Lithuania's law-enforcement have closed a 589-day investigation into political corruption allegations of one of the country's largest business concerns MG Baltic, the Liberal Movement and the Labour Party.
In the framework of the investigation, prosecutors interrogated more than 150 persons, including about 50 former or existing parliamentarians, ex-ministers and MEPs.
The probe involved more than 30 searches, checks of around 50 electronic devices and media, as well as around 50 specialist conclusions.
BNS is listing the main facts of the case.
Eligijus Masiulis: The former leader of the Liberal Movement and former parliamentarian is suspected of taking a bribe of over 100,000 euros from MG Baltic vice-president Raimondas Kurlianskis for the political party's operations in the concern's interest. He is suspected of taking a bribe for influence in the selection of a location in Vilnius for a monument to Jonas Basanavičius, parliamentary discussions of amendments of the Consumer Loan Law and a resolution on the Vilnius-Utena highway. All in all, searches of the former politician's home, office and car revealed around 250,000 euros. Masiulis faces suspicions of bribery, influence peddling and unlawful enrichment. He admits having taken money from Kurlianskis, however, claims it was a loan.
Šarūnas Gustainis: The ex-Liberal and former member of the Vilnius City Council is suspected of taking a bribe of nearly 9,000 euros for parliamentary decisions in MG Baltic benefit. The bribe was disguised as support to the public establishment Institute of Applied Politics. Prosecutors say that Gustainis, in response to Kurlianskis' request, registered amendments to the Consumer Loan Law in parliament and voted in support of their adoption. He is suspected of bribery. Gustainis has dismissed the suspicions as funny, pledging to definitely defend himself in court.
Gintaras Steponavičius: The former member of the Liberal Movement and MP is suspected of discussing unlawful funding of the Liberal Movement with MG Baltic vice-president, Kurlianskis, via a support fund bearing his name and the Freedom Studies Centre he had established. The authorities say Steponavičius finalized an agreement on support to the organizations and consequently voted in support to legal acts in favour of the concern. The law-enforcement has not specified any bills or sums. Steponavičius is suspected of abuse. The MP has admitted having discussed support to the two organizations, however, maintains he committed no crime, as he did not vote in support of decisions in the concern's interest.

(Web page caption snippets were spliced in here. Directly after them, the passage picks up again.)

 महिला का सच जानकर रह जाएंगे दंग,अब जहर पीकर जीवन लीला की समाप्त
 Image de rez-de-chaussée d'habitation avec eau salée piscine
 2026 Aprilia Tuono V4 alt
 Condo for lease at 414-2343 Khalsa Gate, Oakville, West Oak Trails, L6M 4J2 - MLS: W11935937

Vytautas Gapšys: The law-enforcement suspect Kurlianskis paid the then MP, formerly a member of the Labour Party, around 27,000 euros to influence other members of the party to act in the interest of MG Baltic. Prosecutors say part of the bribe was disguised as discounts for the Labour Party's political advertisement broadcast on the television channel owned by the concern, while the other part of the sum was disguised as support to a public establishment. Gapšys is suspected of having acted for in the concern's interests during the parliamentary ballot on the amendments to the Profit Tax Law and the Consumer Loan Law, as well as on the Vilnius-Utena highway project.
Prosecutors suspect the former MP may have also influenced then Agriculture Minister Virginija Baltraitienė to act in the interest of MG Baltic, attempted to influence a decision on the future of Stasys Dailydka in the post of the state-run railway company Lietuvos Geležinkeliai, as well as influence the results of the public procurement tenders announced by the Ignalina Nuclear Power Plant. Gapšys faces suspicions of bribery and influence peddling. The ex-MP denies having taken a bribe, saying he did not vote in support of the bills in favour of the concern and claiming to have secured discounts for the Labour Party's advertisement campaign by way of negotiations.
Raimondas Kurlianskis: The vice-president of MG Baltic is suspected of bribing Masiulis, Steponavičius, Gapšys, as well as influence peddling. Kurlianskis has said he disagreed with the suspicions but has refrained from further comments. Earlier this week, he announced plans to sell his stake in a company operated by the concern and resign from all positions in MG Baltic after the deal has been finalized.
The Liberal Movement, the Labour Party and MG Baltic: Amid suspicions that MG Baltic, the Liberal Movement and the Labour Party benefited from possibly unlawful operations of their representatives, suspicions were brought against the three legal entities. The Labour Party stands suspicions of large-scale bribery and large-scale influence peddling, the Liberal Movement is suspected of bribery, influence peddling and abuse, while MG Baltic is suspected of bribing the parties and peddling influence.
MG Baltic representatives have dismissed the suspicions against the concern as the prosecutor's abuse of his power and psychological pressure. The two parties disagree with the suspicions, saying that individual persons in charge of certain actions should be held liable, while the organization that had not authorized them should be exempt.
Darius Mockus and Romanas Raulynaitis: In the framework of the investigation, prosecutors questioned MG Baltic president and owner Darius Mockus and board member Romanas Raulynaitis as special witnesses, a status of people who testify about their actions, while prosecutors lack data to list them as suspects.